“……我相信你。”
顾砚舟喉头一哽,再没说话,只是握着她的手更紧了些。
两人很快来到那处山谷前。
这里终年不见阳光,阴气森森,谷口被层层禁制封锁,空气里弥漫着潮湿的霉味与淡淡的血腥。
远远的,就能听见沉闷的撞击声——一下、一下,像有人用血肉之躯疯狂捶打石壁。
紧接着,是女人嘶哑而疯狂的吼叫。
那是云鹤的声音。
曾经温柔如水、笑意如春的云鹤娘亲,如今的声音却尖利、破碎,带着彻底疯魔的绝望与怨毒。

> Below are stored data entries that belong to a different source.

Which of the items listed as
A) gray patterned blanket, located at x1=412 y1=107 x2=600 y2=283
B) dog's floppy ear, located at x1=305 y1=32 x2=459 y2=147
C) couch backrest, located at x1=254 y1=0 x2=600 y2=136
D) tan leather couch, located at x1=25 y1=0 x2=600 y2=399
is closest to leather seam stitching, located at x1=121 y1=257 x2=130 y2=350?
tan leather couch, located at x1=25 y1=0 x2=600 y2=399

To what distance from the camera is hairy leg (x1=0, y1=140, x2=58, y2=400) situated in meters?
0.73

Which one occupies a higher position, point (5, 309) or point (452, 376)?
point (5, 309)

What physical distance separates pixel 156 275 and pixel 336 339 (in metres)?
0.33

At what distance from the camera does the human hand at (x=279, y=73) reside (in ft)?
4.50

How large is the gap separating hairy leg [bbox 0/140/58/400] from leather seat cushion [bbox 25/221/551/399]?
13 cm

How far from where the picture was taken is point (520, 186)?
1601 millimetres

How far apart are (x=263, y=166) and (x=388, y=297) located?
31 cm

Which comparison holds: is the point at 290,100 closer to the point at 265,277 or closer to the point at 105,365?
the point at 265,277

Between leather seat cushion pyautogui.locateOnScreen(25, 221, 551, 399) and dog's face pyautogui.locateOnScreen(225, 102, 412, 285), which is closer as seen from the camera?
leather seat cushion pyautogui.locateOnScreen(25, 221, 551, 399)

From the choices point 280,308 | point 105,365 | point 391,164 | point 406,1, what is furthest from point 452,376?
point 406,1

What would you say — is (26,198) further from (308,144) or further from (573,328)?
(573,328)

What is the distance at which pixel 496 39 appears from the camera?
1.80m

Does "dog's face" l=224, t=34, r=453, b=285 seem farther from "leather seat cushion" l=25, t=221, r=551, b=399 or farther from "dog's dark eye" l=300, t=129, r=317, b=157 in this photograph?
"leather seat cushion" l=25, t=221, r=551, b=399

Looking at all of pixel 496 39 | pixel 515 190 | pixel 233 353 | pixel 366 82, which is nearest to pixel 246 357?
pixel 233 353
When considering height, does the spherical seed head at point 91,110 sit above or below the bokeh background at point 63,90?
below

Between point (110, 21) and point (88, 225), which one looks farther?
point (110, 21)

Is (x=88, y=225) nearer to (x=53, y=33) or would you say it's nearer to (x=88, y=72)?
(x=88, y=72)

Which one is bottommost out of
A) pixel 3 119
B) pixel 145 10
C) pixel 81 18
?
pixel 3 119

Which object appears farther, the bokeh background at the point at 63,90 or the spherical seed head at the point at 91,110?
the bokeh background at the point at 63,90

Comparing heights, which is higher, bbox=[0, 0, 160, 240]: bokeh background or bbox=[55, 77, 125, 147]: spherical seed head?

顾砚舟脚步猛地一踉跄,像被无形重锤砸中胸口。他脸色瞬间惨白,呼吸急促,眼底却燃起一簇近乎疯狂的金色火焰。
疏月脸色大变,下意识伸手去扶他:
“砚舟!”
顾砚舟抬手挡开她,声音沙哑得像从喉咙里磨出来的血:
“等会儿……不管发生什么……都不要进来。”
疏月眼泪瞬间涌出,死死抓住他的袖子,声音带着哭腔:
“不要!云鹤师姐现在谁都不认,已经彻底疯了!你进去……你会死的……”
顾砚舟转头,目光落在她泪痕纵横的脸上。他抬手,指尖轻轻擦过她眼角,声音低而坚定:
“月儿……你刚才不是说了,你相信我吗?”
疏月指尖颤抖,泪水大颗大颗滚落。她看了他很久、很久,最终缓缓松开手,声音哽咽得几乎听不清:
“好……”
顾砚舟站在谷口前,阴冷的雾气如蛇般缠绕上他的衣袍,带着潮湿的霉味和淡淡的血腥。他闭了闭眼,胸膛剧烈起伏,长长地吐出一口气。

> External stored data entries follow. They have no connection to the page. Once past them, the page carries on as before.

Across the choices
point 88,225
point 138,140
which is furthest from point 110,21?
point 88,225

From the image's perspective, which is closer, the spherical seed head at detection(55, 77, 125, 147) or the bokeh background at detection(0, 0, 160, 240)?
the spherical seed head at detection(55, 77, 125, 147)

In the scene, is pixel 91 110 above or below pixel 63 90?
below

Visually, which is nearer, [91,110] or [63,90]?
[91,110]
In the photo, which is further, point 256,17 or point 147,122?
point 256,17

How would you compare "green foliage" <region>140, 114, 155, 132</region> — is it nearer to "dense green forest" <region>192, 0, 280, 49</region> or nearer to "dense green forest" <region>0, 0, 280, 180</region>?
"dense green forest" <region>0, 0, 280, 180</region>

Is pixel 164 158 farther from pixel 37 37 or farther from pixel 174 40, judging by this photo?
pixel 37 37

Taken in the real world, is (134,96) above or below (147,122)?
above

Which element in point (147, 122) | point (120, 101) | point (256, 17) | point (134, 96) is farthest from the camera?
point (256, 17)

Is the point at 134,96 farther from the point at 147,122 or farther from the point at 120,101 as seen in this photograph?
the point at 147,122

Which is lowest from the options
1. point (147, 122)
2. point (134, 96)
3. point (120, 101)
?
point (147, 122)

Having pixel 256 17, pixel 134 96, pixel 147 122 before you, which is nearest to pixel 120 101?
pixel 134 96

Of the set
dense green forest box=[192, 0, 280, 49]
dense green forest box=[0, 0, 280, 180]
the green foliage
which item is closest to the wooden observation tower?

那口气吐得极重,像要把胸腔里翻涌的怒火、痛楚与杀意暂时压下去。
可压不住。
心底的怒焰早已烧成滔天之势,眼底深处,那一抹属于始祖神躯的金色瞳光蠢蠢欲动,几乎要冲破他强行封锁的理智,化作实质的杀意冲天而起。
他深吸一口气,再睁眼时,瞳仁已恢复成寻常的墨黑,却藏着暴风雨前的死寂。
他抬脚,迈入谷中。
身后,疏月的声音忽然响起,带着撕裂般的颤抖与决绝:
“如果……你死了……我也就不活了。”
顾砚舟脚步猛地一顿。
他没有回头,只是背影在雾气里绷得极直,像一柄随时会断裂的剑。
风从谷内卷出,吹乱他发丝,也吹得他衣袍猎猎作响。
他沉默了片刻,声音低哑,却带着不容置疑的温柔与郑重:
“我们都要好好活着。”
三个字,字字如钉,砸进疏月心底最深处。
疏月跪坐在谷口外的青石上,双手死死捂住嘴,指缝间泪水如决堤般涌出。